▶ [Activity] What you give back should be exactly the lines from the one with "Support de serrure" through the end of the data, without the pictures.

▶ [Task inputs]
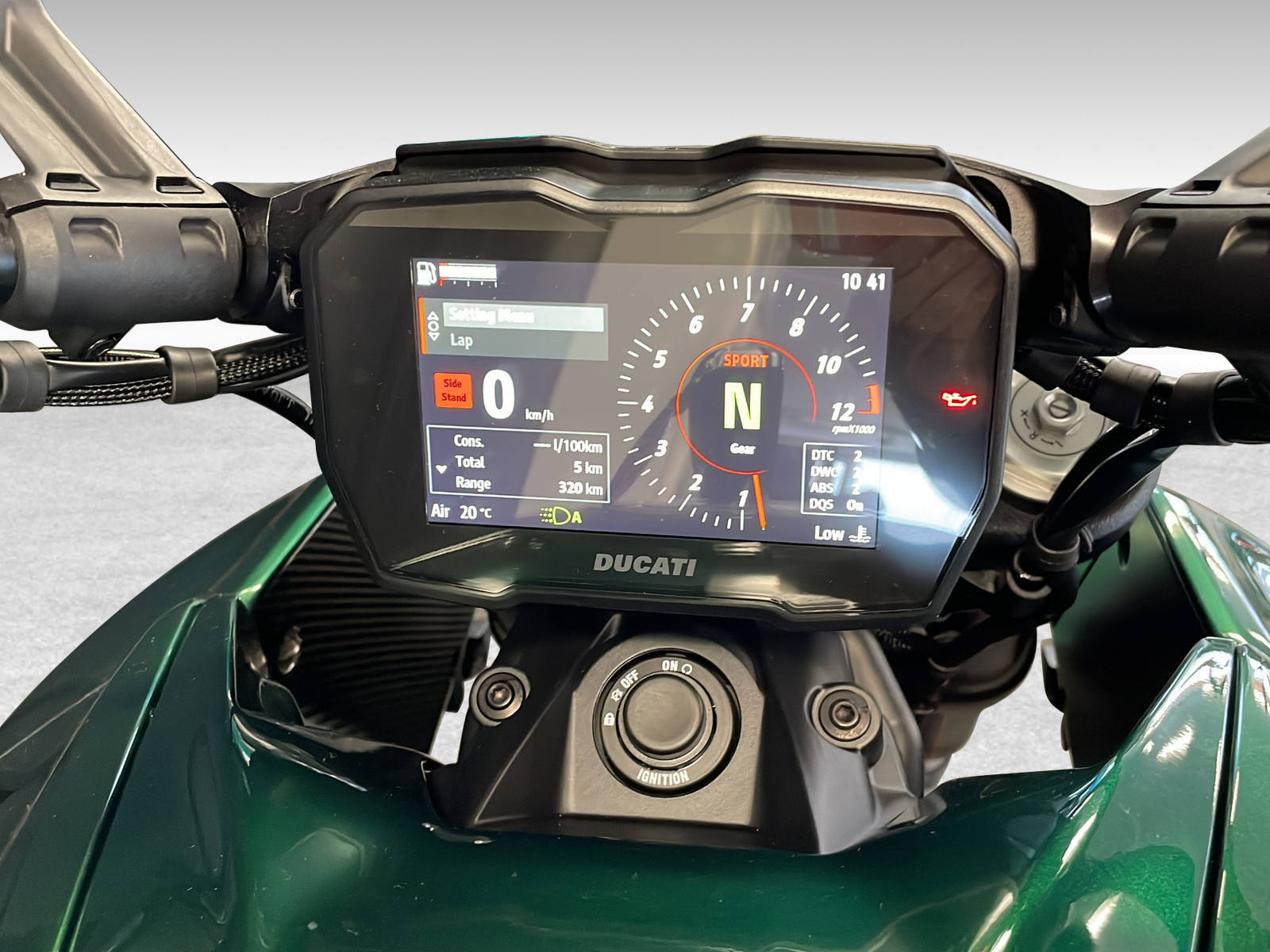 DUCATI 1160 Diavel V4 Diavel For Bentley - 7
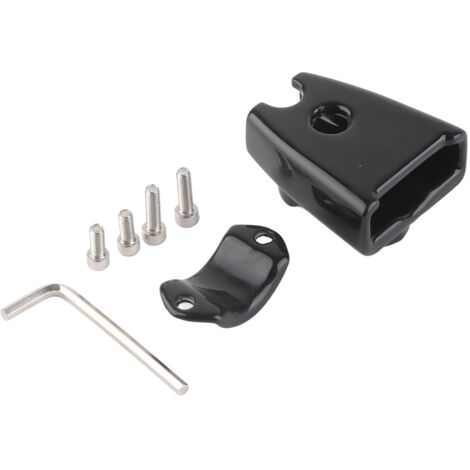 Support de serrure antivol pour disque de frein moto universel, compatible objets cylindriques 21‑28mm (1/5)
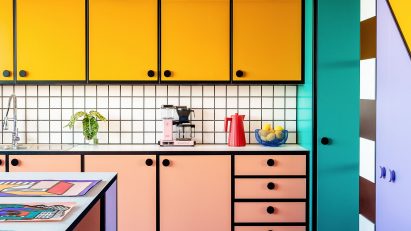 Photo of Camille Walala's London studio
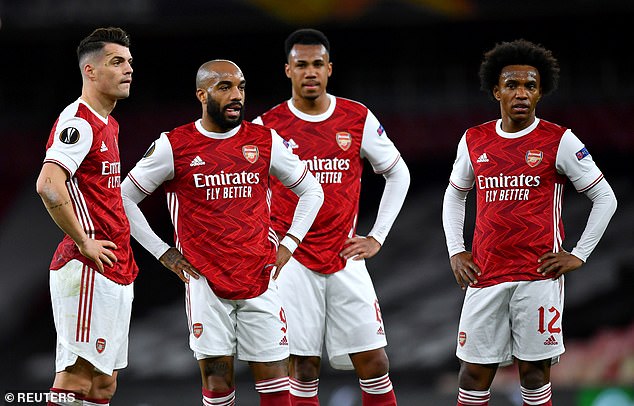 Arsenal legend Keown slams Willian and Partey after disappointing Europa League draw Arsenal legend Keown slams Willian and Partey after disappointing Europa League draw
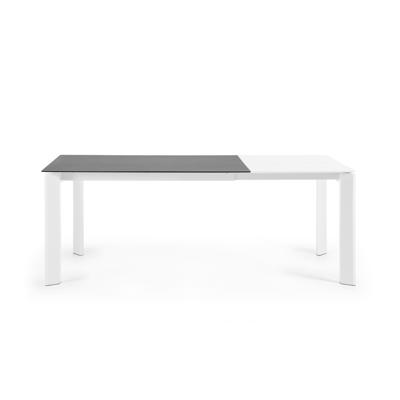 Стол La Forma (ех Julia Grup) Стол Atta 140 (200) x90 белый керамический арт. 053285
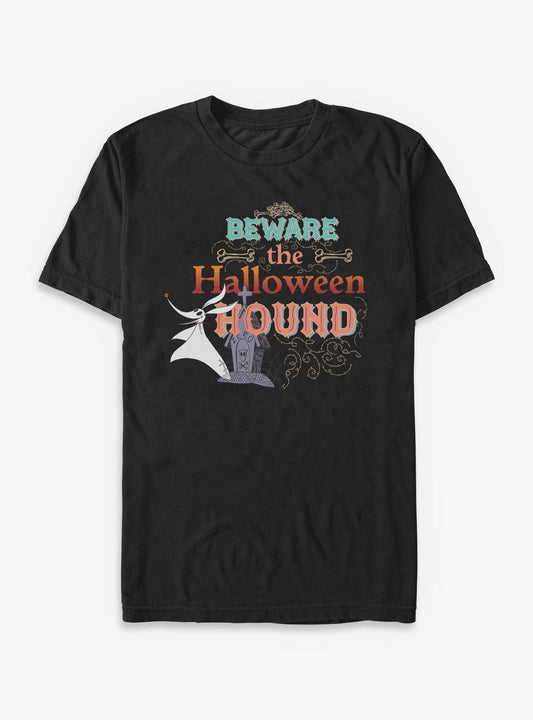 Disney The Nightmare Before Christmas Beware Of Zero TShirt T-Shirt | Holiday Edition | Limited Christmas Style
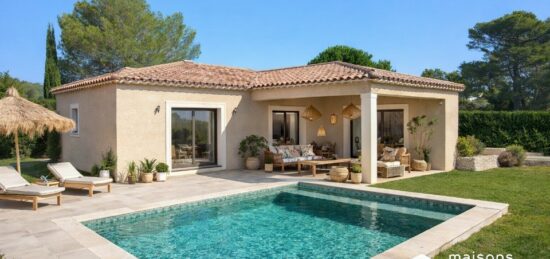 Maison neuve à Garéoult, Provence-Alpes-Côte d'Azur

▶ [Task solution]
 Support de serrure antivol pour disque de frein moto universel, compatible objets cylindriques 21‑28mm (1/5)
 Photo of Camille Walala's London studio
 Arsenal legend Keown slams Willian and Partey after disappointing Europa League draw Arsenal legend Keown slams Willian and Partey after disappointing Europa League draw
 Стол La Forma (ех Julia Grup) Стол Atta 140 (200) x90 белый керамический арт. 053285
 Disney The Nightmare Before Christmas Beware Of Zero TShirt T-Shirt | Holiday Edition | Limited Christmas Style
 Maison neuve à Garéoult, Provence-Alpes-Côte d'Azur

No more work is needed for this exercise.